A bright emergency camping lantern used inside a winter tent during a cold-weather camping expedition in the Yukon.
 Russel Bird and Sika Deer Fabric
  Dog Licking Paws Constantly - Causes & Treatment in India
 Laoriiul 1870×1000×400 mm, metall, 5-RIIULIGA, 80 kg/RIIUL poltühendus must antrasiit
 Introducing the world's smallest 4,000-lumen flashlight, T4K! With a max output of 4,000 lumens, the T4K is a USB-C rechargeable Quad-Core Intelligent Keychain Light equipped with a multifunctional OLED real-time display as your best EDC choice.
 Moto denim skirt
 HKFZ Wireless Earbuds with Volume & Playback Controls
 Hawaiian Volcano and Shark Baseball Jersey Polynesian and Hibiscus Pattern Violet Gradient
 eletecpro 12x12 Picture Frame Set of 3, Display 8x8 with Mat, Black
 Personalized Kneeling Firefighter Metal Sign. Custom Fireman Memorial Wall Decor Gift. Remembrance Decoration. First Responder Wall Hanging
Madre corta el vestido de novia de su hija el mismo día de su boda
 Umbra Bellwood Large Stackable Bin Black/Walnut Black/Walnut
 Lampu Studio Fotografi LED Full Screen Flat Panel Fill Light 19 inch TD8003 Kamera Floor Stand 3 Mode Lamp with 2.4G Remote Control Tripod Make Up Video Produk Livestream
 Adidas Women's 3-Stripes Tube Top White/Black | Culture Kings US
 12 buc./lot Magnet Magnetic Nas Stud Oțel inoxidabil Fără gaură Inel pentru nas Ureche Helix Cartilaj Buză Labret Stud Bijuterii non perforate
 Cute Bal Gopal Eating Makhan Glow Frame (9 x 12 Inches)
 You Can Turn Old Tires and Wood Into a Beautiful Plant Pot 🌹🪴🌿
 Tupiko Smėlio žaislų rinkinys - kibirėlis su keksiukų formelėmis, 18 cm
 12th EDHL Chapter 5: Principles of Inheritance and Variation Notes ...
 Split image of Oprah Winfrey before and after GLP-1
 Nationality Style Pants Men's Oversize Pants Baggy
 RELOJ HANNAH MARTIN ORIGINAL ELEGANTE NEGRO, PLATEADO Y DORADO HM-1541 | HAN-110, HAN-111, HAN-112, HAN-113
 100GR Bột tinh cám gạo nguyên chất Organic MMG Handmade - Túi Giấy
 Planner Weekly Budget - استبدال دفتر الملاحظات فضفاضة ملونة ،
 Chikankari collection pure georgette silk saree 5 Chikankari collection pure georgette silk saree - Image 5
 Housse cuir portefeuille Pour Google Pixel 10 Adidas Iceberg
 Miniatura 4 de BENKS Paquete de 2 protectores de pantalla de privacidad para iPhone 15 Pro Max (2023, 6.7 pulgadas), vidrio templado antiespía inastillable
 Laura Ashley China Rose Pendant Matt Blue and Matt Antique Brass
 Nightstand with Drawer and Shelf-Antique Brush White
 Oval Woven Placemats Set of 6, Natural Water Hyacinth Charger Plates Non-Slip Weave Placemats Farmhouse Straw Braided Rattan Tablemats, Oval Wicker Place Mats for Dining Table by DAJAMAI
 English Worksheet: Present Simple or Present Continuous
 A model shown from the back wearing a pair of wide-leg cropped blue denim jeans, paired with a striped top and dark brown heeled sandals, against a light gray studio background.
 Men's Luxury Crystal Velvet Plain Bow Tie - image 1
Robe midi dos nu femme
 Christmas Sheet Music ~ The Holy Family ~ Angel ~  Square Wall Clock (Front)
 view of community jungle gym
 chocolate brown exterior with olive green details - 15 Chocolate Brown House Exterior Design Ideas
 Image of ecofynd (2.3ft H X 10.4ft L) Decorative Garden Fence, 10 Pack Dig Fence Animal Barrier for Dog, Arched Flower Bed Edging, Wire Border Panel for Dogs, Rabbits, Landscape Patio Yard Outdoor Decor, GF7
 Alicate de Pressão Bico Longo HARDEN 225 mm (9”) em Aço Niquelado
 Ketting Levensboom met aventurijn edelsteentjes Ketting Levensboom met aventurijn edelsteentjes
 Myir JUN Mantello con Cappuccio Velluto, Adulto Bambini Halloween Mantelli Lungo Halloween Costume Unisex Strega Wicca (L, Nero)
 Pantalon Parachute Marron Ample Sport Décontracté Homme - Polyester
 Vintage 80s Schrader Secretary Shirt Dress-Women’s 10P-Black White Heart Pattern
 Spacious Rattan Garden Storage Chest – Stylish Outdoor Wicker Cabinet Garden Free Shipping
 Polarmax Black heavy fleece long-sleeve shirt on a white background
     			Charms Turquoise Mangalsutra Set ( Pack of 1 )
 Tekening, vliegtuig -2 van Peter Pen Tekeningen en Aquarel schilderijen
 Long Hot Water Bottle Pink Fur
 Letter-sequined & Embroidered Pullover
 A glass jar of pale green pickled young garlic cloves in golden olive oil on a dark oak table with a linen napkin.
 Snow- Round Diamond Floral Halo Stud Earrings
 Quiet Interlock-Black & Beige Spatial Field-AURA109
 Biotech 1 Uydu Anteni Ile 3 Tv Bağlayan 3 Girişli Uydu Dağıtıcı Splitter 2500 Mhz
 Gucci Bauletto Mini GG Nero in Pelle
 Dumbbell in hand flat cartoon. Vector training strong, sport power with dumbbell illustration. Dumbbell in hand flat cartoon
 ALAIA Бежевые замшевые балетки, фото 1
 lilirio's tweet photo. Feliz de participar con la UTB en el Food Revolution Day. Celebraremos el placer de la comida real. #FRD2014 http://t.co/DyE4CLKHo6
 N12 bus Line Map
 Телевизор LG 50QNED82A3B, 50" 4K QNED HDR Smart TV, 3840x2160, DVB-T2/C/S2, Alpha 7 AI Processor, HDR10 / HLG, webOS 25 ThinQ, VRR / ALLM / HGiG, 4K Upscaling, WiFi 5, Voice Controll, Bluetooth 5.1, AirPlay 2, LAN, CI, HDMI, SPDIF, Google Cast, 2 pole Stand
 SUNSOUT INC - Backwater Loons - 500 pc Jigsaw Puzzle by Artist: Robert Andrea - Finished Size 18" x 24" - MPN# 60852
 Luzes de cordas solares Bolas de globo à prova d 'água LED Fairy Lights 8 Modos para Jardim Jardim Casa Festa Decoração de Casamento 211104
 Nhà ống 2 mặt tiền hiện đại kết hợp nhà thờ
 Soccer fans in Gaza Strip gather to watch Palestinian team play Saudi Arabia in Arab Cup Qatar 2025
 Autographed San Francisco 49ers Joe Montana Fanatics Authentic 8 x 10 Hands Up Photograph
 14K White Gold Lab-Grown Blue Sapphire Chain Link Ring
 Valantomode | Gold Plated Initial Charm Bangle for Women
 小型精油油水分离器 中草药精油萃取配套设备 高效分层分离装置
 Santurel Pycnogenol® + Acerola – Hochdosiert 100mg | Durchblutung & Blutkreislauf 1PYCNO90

────────────────────────────────────────

Reproduce exactly the section above that begins at the line containing "Miniatura 4 de" and ends at the line containing "Oval Woven Placemats", leaving out all other lines.

RESPONSE |
 Miniatura 4 de BENKS Paquete de 2 protectores de pantalla de privacidad para iPhone 15 Pro Max (2023, 6.7 pulgadas), vidrio templado antiespía inastillable
 Laura Ashley China Rose Pendant Matt Blue and Matt Antique Brass
 Nightstand with Drawer and Shelf-Antique Brush White
 Oval Woven Placemats Set of 6, Natural Water Hyacinth Charger Plates Non-Slip Weave Placemats Farmhouse Straw Braided Rattan Tablemats, Oval Wicker Place Mats for Dining Table by DAJAMAI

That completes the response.